#### PROBLEM DETAILS:
Reproduce the records exactly, but not the pictures.
·····
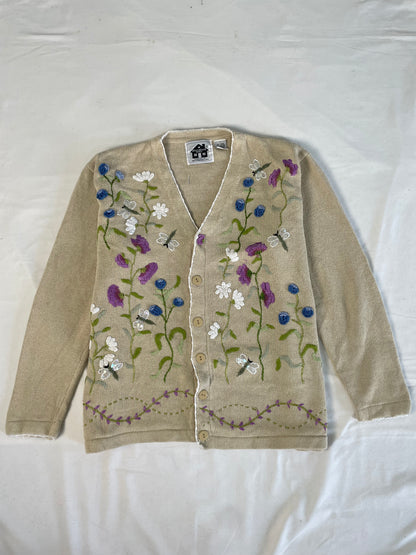 Storybook Sweater XXL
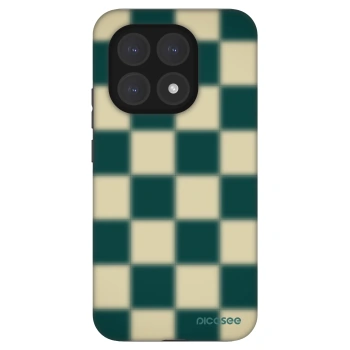 Husă pentru Xiaomi 15T - Shadow Chess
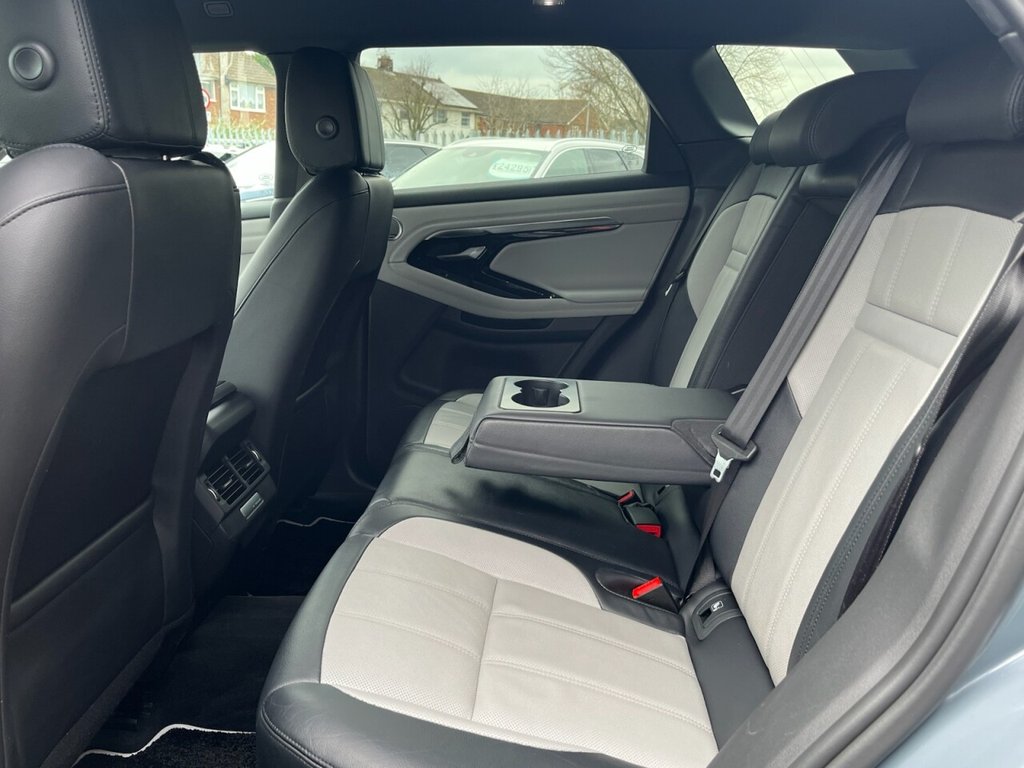 Used Land Rover Range Rover Evoque 2020 for sale - 77327702: Photo 29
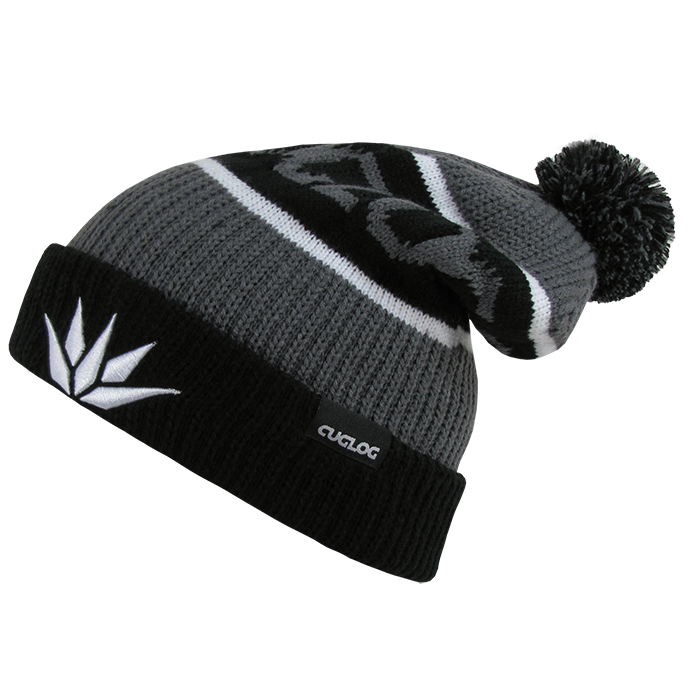 Decky-K038-Cotopaxi Beanie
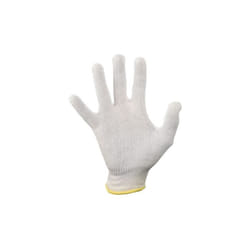 Bahco - Gants en coton à porter en dessous de gants isolés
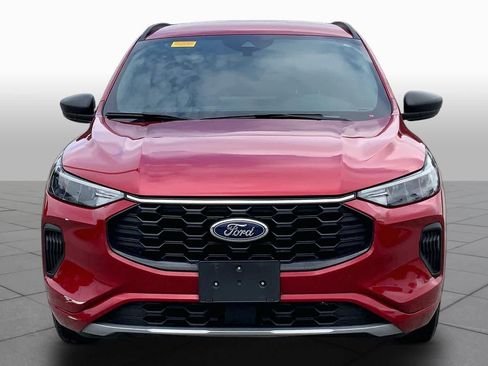 Used 2023 Ford Escape ST-Line w/ Tech Pack #1 FWD image 4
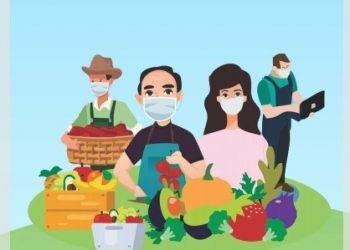 Cartilha orienta sobre o Pnae durante suspensão das aulas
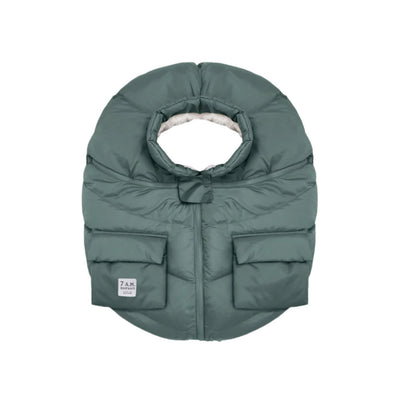 Car Seat Cocoon - Oslo Cloud by 7AM Enfant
·····
#### EXERCISE RESPONSE:
 Storybook Sweater XXL
 Husă pentru Xiaomi 15T - Shadow Chess
 Used Land Rover Range Rover Evoque 2020 for sale - 77327702: Photo 29
 Decky-K038-Cotopaxi Beanie
 Bahco - Gants en coton à porter en dessous de gants isolés
 Used 2023 Ford Escape ST-Line w/ Tech Pack #1 FWD image 4
 Cartilha orienta sobre o Pnae durante suspensão das aulas
 Car Seat Cocoon - Oslo Cloud by 7AM Enfant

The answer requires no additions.